Contraintes et risques
Ce projet doctoral s’inscrit dans un contexte post-catastrophe sous-tendu par plusieurs éléments qui composent les paysages physique, social, politique et économique de ce territoire, qui représentent autant de pistes à creuser pour une meilleure compréhension du phénomène :
● Une géographie du territoire renouvelée en raison de l’altération des sols par les radionucléides. Celle-ci se traduit par des contraintes qui s’imposent sur l’occupation des sols, par une modification des paysages et des relations des habitants avec leurs territoires.
● D’importantes politiques d’aménagement portées par l’Etat notamment à l'intérieur de zones de reconstruction à proximité des gares, malgré des disparités territoriales sur l’accès aux services et aux soins.
● Des politiques d’incitation financière sur l’installation des entreprises, le développement et la recherche, construites autour du concept de résilience du territoire.
● L'émergence de mouvements sociaux locaux liés à la gestion de la catastrophe conjuguée avec une évolution démographique à la baisse, un renouvellement partiel des habitants ainsi qu’une évolution des récits individuels ou collectifs des habitants.
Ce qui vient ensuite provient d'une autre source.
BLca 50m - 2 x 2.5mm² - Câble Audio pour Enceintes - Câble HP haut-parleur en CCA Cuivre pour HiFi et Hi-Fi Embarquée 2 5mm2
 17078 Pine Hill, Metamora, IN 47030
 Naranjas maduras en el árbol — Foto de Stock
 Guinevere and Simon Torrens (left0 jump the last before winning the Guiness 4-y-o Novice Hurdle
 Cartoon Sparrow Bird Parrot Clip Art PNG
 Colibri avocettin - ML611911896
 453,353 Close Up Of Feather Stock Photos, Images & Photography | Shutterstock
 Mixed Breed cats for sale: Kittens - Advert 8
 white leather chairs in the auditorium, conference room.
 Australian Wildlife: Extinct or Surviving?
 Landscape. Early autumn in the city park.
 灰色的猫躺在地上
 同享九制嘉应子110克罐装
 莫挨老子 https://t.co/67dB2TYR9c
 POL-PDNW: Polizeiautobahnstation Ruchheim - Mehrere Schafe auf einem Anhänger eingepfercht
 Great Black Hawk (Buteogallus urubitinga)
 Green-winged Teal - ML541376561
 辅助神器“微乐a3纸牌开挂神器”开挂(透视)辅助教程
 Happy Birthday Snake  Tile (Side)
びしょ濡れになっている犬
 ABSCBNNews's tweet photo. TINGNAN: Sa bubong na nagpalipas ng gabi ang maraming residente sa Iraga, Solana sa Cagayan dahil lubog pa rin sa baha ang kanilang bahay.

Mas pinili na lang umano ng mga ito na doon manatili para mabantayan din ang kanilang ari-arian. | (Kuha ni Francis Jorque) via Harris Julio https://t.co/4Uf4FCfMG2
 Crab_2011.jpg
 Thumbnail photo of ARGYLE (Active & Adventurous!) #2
Le développement des infrastructures de production d’énergie s’arrime à la fabrique des espaces urbains. Le présent projet de recherche s'appuiera sur l’urbanisme et l’aménagement du territoire. L’exercice consistera ensuite à cerner les soubassements sociaux, politiques et économiques de cette forme renouvelée de production d’espaces productifs. Pour ce faire, les travaux s’enrichiront des cadres d’analyse propres à la sociologie de l'action publique, notamment avec une approche par le néocorporatisme. Aussi, ce projet mobilisera des outils d’analyse de la sociologie des mouvements sociaux afin de confirmer ou d’infirmer l’hypothèse d’une diversification des répertoires d'action collective des groupes d’intérêts citoyens par la production locale d’énergie.
Le ou la candidate possèdera un Master 2 en sciences sociales ou un diplôme d’ingénieur en aménagement urbain. Outre des compétences dans les disciplines susmentionnées, une bonne connaissance du japonais est requise. Le ou la candidate aura une expérience dans la réalisation d’enquêtes de terrain au Japon ainsi que de solides capacités d’écriture en français et des compétences en anglais scientifique.